But the more I think about it…
…there is more to life than school.
There is more to life than grades, or tests, or homework.
There will always be times when I look back and I ask myself if I really spent enough time studying for the big test, or put enough effort into my homework, or whether or not I should’ve proofread some paper for the fiftieth time. And most likely I’ll regret not doing so. But there is something else that I’ll regret more than not studying enough.
And that, my friends, is regretting not spending enough time with God. Unless you’re a senior in college, there will always be another test, or there will always be another paper that you can redeem yourself with. But there will never be a chance to get back the time you could’ve spent in God’s presence.
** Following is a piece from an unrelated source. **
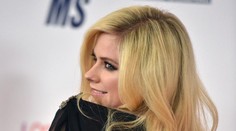 Avril Lavigne sa zjavila na červenom koberci. Takto dnes vyzerá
And I am just as guilty if not more guilty than all of you on this issue! So often I find myself caring about my test scores than I do about Scripture. So often I find myself thinking about the next upcoming homework assignment while in Chi Alpha. So often I find myself writing down notes for a paper I have to write instead of writing down notes from a sermon.
Why do we constantly put things in God’s rightful place when we are created as humans to have a relationship with God first? Not after homework is done, not after a test is taken, not after a 50 page thesis paper is written.
Put. God. First.
That’s been laid on my heart especially these last two weeks of school. God time first, then study. Because he will reward you for spending time with him first, and for making him your number one priority. He will give you back the time you spent with him, as well as a blessing over your life.
Along with learning to spend time with God before anything else, a bunch of questions has popped into my mind now that the school year is almost over. I’ve just been convicted lately to ask myself a couple of questions, and to look at myself honestly.
Questions like: “Did I waste this year? Did I waste the time given to me in Seim Hall? Did I take advantage of the opportunities that were given to me, or did I take advantage of the fact that there is always tomorrow to do Your will? Did I make you visible in my life, or did I shove you to the side in order to save my reputation? Did I live for you this year or not? How does my life reflect you? What can I change in my life in order to make you more prominent in my life? What can I do to show your love more? And what can I do in order to get more of you? How can I get more of you?”
In some ways, I almost felt like a failure this year since a couple of goals that I had set at the beginning of the year did not get fulfilled. But then God told me no. He told me that I didn’t waste this year. He told me that this year was a growing year for me, a year for development and letting my roots in Him grow deeper. He also laid 1Timothy 4:12-16 on my heart.
“Don’t let anyone look down on you because you are young, but set an example for the believers in speech, in conduct, in love, in faith, and in purity. Until I come, devote yourself to the public reading of Scripture, to preaching and to teaching. Do not neglect your gift, which was given you through prophecy when the body of elders laid their hands on you. Be diligent in these matters; give yourself wholly to them, so that everyone may see your progress. Watch your life and doctrine closely. Persevere in them, because if you do, you will save both yourself and your hearers.” – 1 Timothy 4:12-16
Ok, so maybe I did not fulfill every goal that I set for this year. But that doesn’t mean that I failed. And if some of your goals aren’t coming along as fast as you’d want them to, or they seem impossible, keep preserving. Keep seeking after God, and going to him for your wisdom, sustainment, satisfaction, completion, and contentment. He’s got a plan for everything that he does.